B Introduction to R and RStudio

Throughout the book we include R code for estimation, simulation, and creating examples. We used RStudio to create the slides. To personalize them for your own purpose, we assume you will use R Markdown. Below, we include guides to setting up R and RStudio on your machine, as well as some basic commands that are frequently used.

B.1 R and RStudio

R is a free software environment most commonly used for statistical analysis and computation. Because Learning Days participants arrive with different statistical backgrounds and preferred statistical software, we use R to ensure that everyone is on the same page. We advocate the use of R more generally for its flexibility, wealth of applications, and comprehensive support mostly through online fora.

RStudio is a free, open source integrated development environment with a user interface that makes R much more user-friendly. R Markdown, a feature of RStudio, enables the easy output of code, results, and text in a .pdf, .html, or .doc format.

B.2 Downloading R and RStudio

B.2.1 Downloading R

R can be freely downloaded from CRAN at the link corresponding to your operating system:

B.2.2 Downloading RStudio

RStudio can be freely downloaded from the RStudio website, https://www.rstudio.com/products/rstudio/download/. In the table, click the blue Download button at the top of the left column, “RStudio Desktop Open Source License” as depicted below in Figure B.1. Once you select this button, the page will jump to a list of download options as depicted in Figure B.2.

  • For Windows, select Windows 10/8/7.
  • For Mac OS X, select Mac OS X 10.13+.
Select Download in the "RStudio Desktop Open Source License" column.

Figure B.1: Select Download in the “RStudio Desktop Open Source License” column.

Select the Windows 10/8/7 link for Windows or the Mac OS X 10.13+ link for Mac.

Figure B.2: Select the Windows 10/8/7 link for Windows or the Mac OS X 10.13+ link for Mac.

B.3 RStudio Interface

When you open RStudio for the first time, there should be three panels visible, as depicted in Figure B.3 below.

  • Console (left panel)
  • Accounting (upper right panel): includes Environment and History tabs
  • Miscellaneous (lower right panel)
When you open RStudio, there are three panels visible: the Console (left), Accounting (upper right), and Miscellaneous (lower right).
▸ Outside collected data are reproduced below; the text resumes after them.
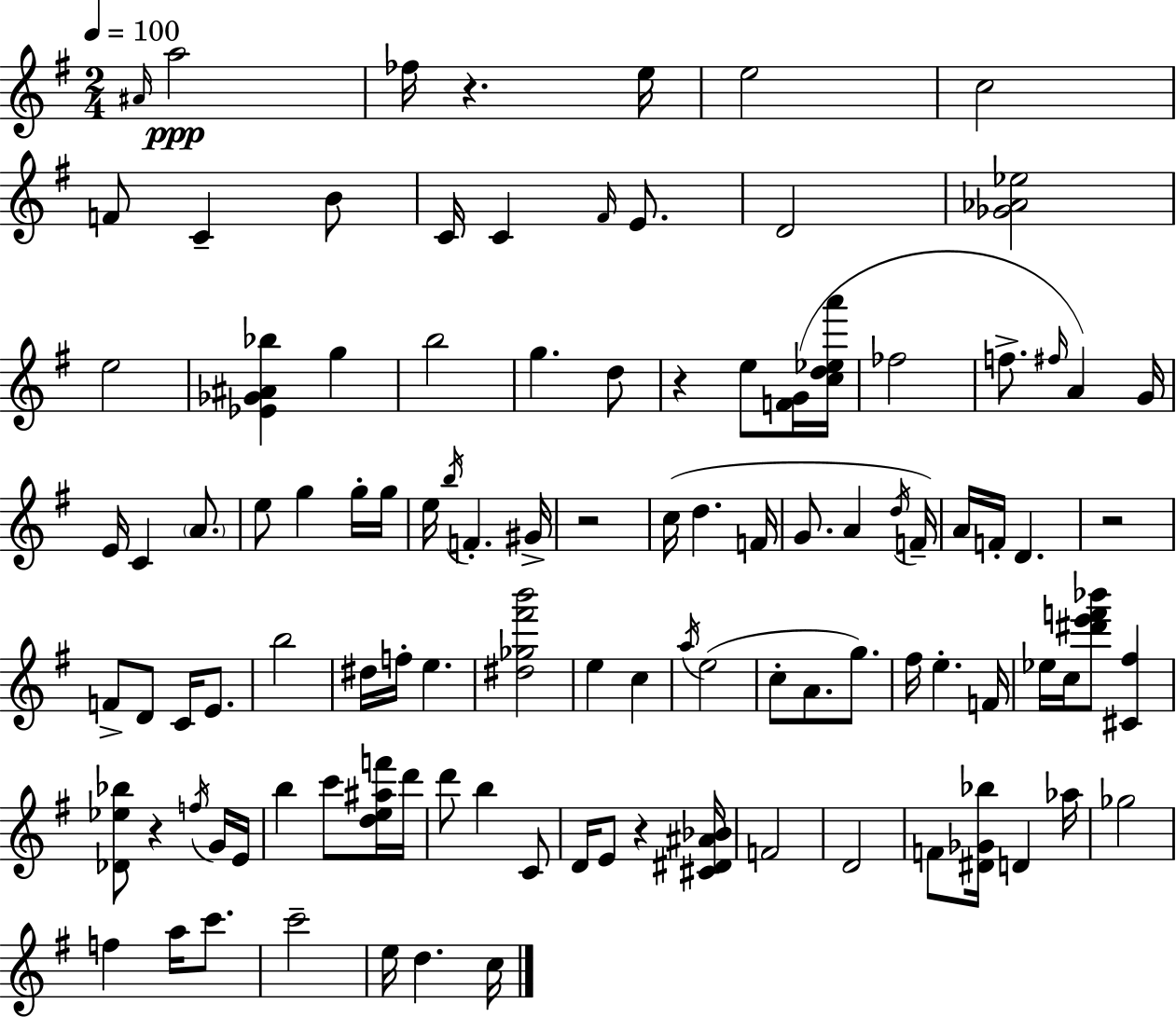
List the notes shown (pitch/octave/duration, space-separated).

A#4/s A5/h FES5/s R/q. E5/s E5/h C5/h F4/e C4/q B4/e C4/s C4/q F#4/s E4/e. D4/h [Gb4,Ab4,Eb5]/h E5/h [Eb4,Gb4,A#4,Bb5]/q G5/q B5/h G5/q. D5/e R/q E5/e [F4,G4]/s [C5,D5,Eb5,A6]/s FES5/h F5/e. F#5/s A4/q G4/s E4/s C4/q A4/e. E5/e G5/q G5/s G5/s E5/s B5/s F4/q. G#4/s R/h C5/s D5/q. F4/s G4/e. A4/q D5/s F4/s A4/s F4/s D4/q. R/h F4/e D4/e C4/s E4/e. B5/h D#5/s F5/s E5/q. [D#5,Gb5,F#6,B6]/h E5/q C5/q A5/s E5/h C5/e A4/e. G5/e. F#5/s E5/q. F4/s Eb5/s C5/s [D#6,E6,F6,Bb6]/e [C#4,F#5]/q [Db4,Eb5,Bb5]/e R/q F5/s G4/s E4/s B5/q C6/e [D5,E5,A#5,F6]/s D6/s D6/e B5/q C4/e D4/s E4/e R/q [C#4,D#4,A#4,Bb4]/s F4/h D4/h F4/e [D#4,Gb4,Bb5]/s D4/q Ab5/s Gb5/h F5/q A5/s C6/e. C6/h E5/s D5/q. C5/s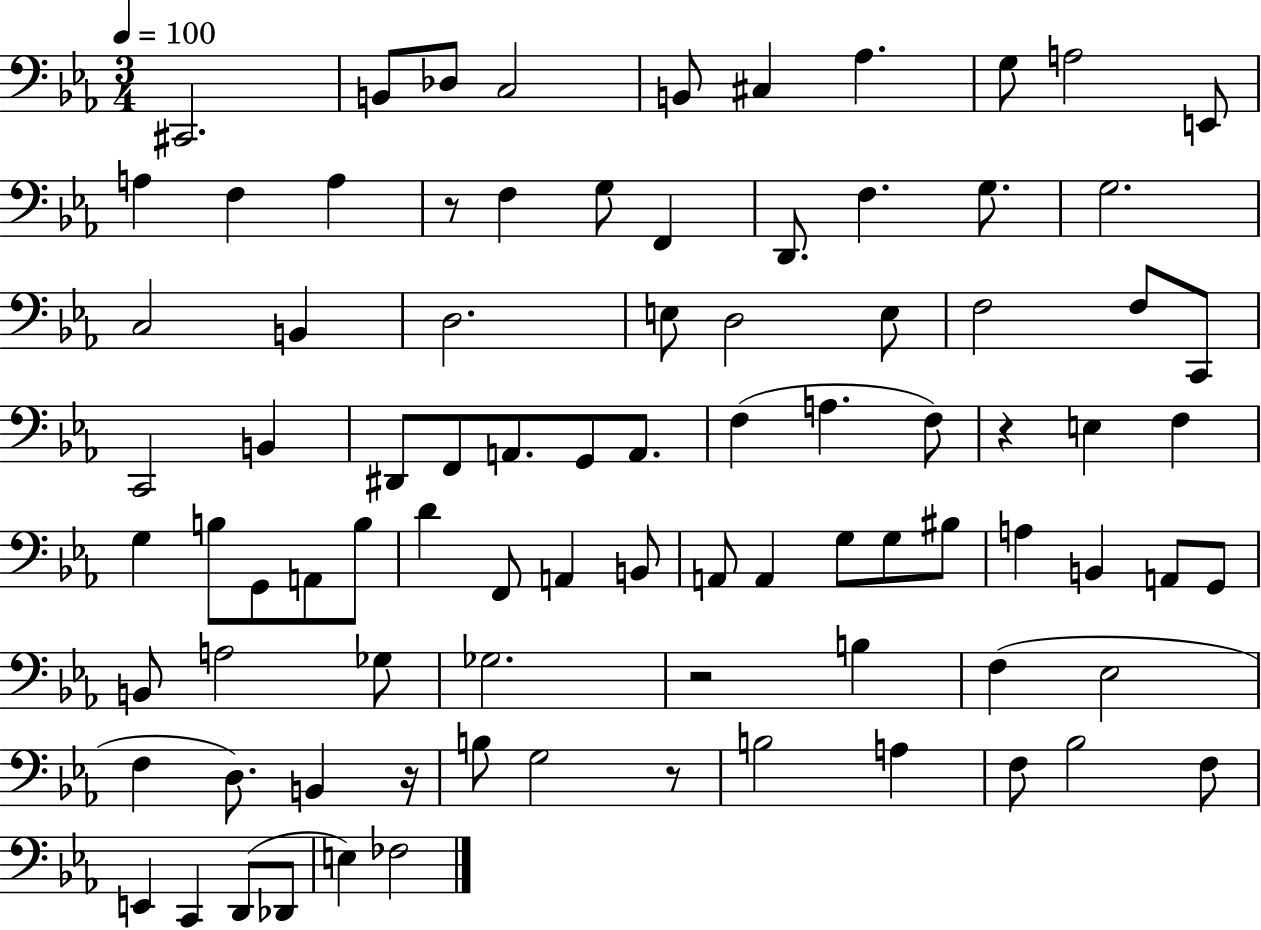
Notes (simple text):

C#2/h. B2/e Db3/e C3/h B2/e C#3/q Ab3/q. G3/e A3/h E2/e A3/q F3/q A3/q R/e F3/q G3/e F2/q D2/e. F3/q. G3/e. G3/h. C3/h B2/q D3/h. E3/e D3/h E3/e F3/h F3/e C2/e C2/h B2/q D#2/e F2/e A2/e. G2/e A2/e. F3/q A3/q. F3/e R/q E3/q F3/q G3/q B3/e G2/e A2/e B3/e D4/q F2/e A2/q B2/e A2/e A2/q G3/e G3/e BIS3/e A3/q B2/q A2/e G2/e B2/e A3/h Gb3/e Gb3/h. R/h B3/q F3/q Eb3/h F3/q D3/e. B2/q R/s B3/e G3/h R/e B3/h A3/q F3/e Bb3/h F3/e E2/q C2/q D2/e Db2/e E3/q FES3/h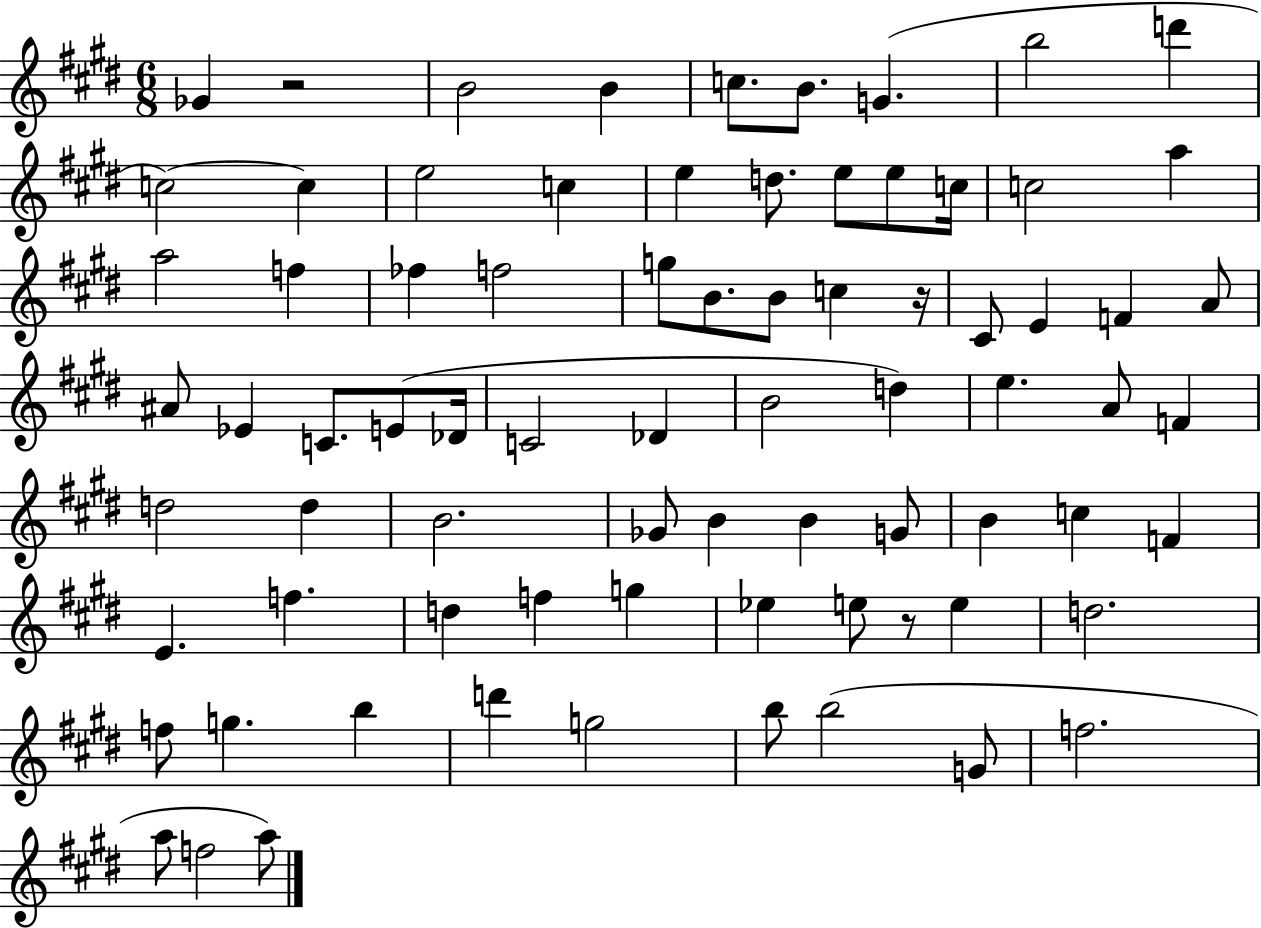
X:1
T:Untitled
M:6/8
L:1/4
K:E
_G z2 B2 B c/2 B/2 G b2 d' c2 c e2 c e d/2 e/2 e/2 c/4 c2 a a2 f _f f2 g/2 B/2 B/2 c z/4 ^C/2 E F A/2 ^A/2 _E C/2 E/2 _D/4 C2 _D B2 d e A/2 F d2 d B2 _G/2 B B G/2 B c F E f d f g _e e/2 z/2 e d2 f/2 g b d' g2 b/2 b2 G/2 f2 a/2 f2 a/2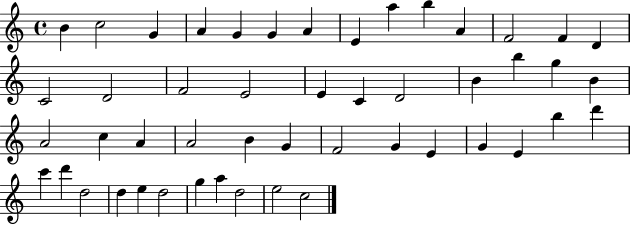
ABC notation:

X:1
T:Untitled
M:4/4
L:1/4
K:C
B c2 G A G G A E a b A F2 F D C2 D2 F2 E2 E C D2 B b g B A2 c A A2 B G F2 G E G E b d' c' d' d2 d e d2 g a d2 e2 c2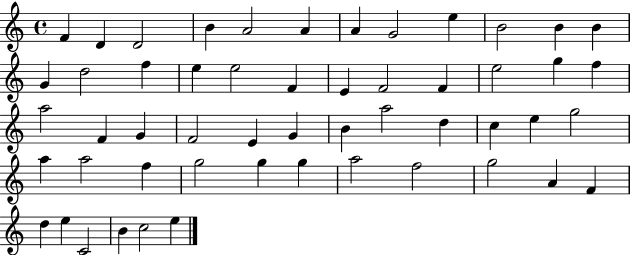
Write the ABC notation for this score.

X:1
T:Untitled
M:4/4
L:1/4
K:C
F D D2 B A2 A A G2 e B2 B B G d2 f e e2 F E F2 F e2 g f a2 F G F2 E G B a2 d c e g2 a a2 f g2 g g a2 f2 g2 A F d e C2 B c2 e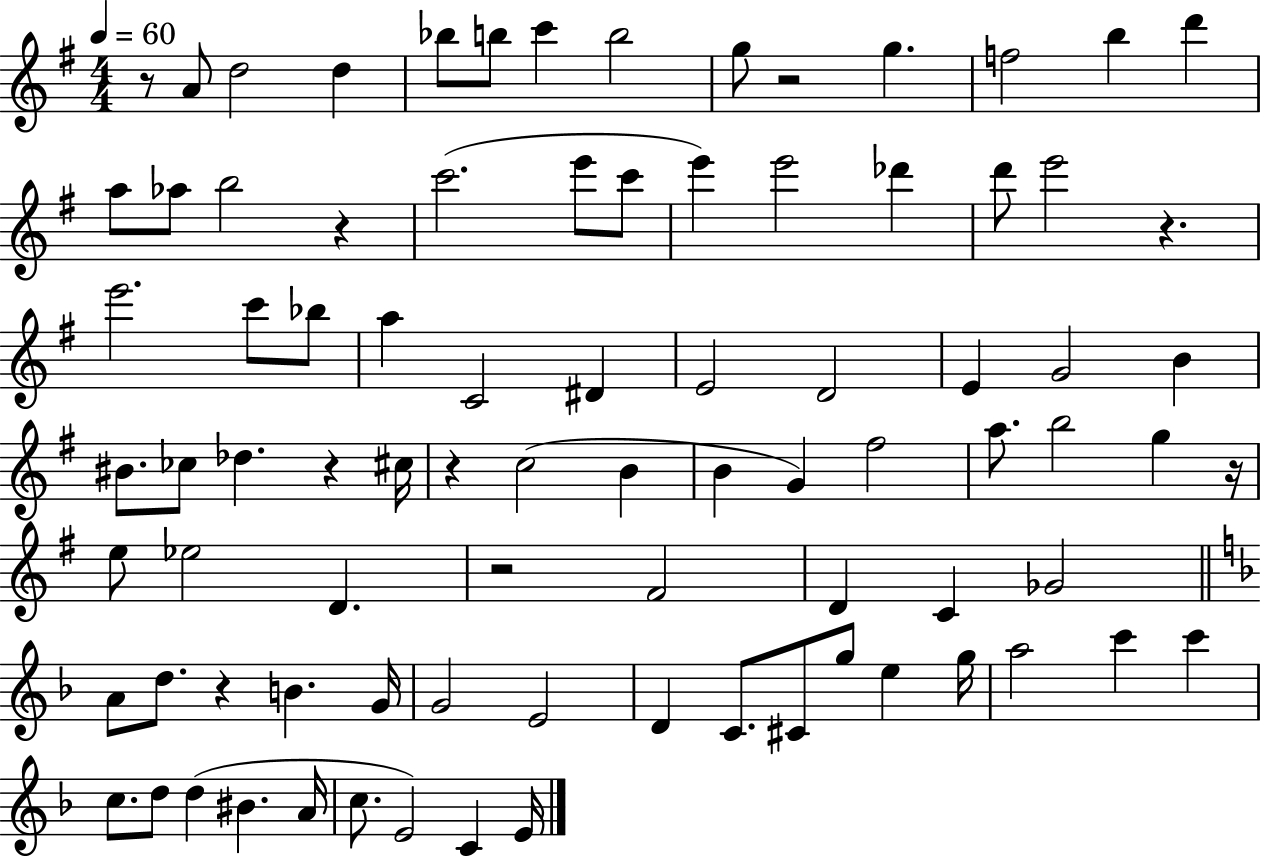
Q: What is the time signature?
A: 4/4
Figure B.3: When you open RStudio, there are three panels visible: the Console (left), Accounting (upper right), and Miscellaneous (lower right).

B.3.1 Console

You can execute all operations in the console. For example if you enter 4 + 4 and hit the Enter/Return key, the Console will return [1] 8.

To make sure everyone is prepared to use R at Learning Days, we ask participants to run one line of code in the Console to download several R packages. Packages are fragments of reproducible code that allow for more efficient analysis in R. To run these lines, copy the following code into the Console and hit your Return/Enter key. You must be connected to the internet to download packages.

install.packages(c("ggplot2", "dplyr", "AER", "arm", "MASS", "sandwich", 
                   "lmtest", "estimatr","coin","randomizr", "DeclareDesign"))
If successfully downloaded, your Console will resemble Figure B.4, except that the urls will differ depending on your location.
An image of the Console after executing the three lines of code listed above.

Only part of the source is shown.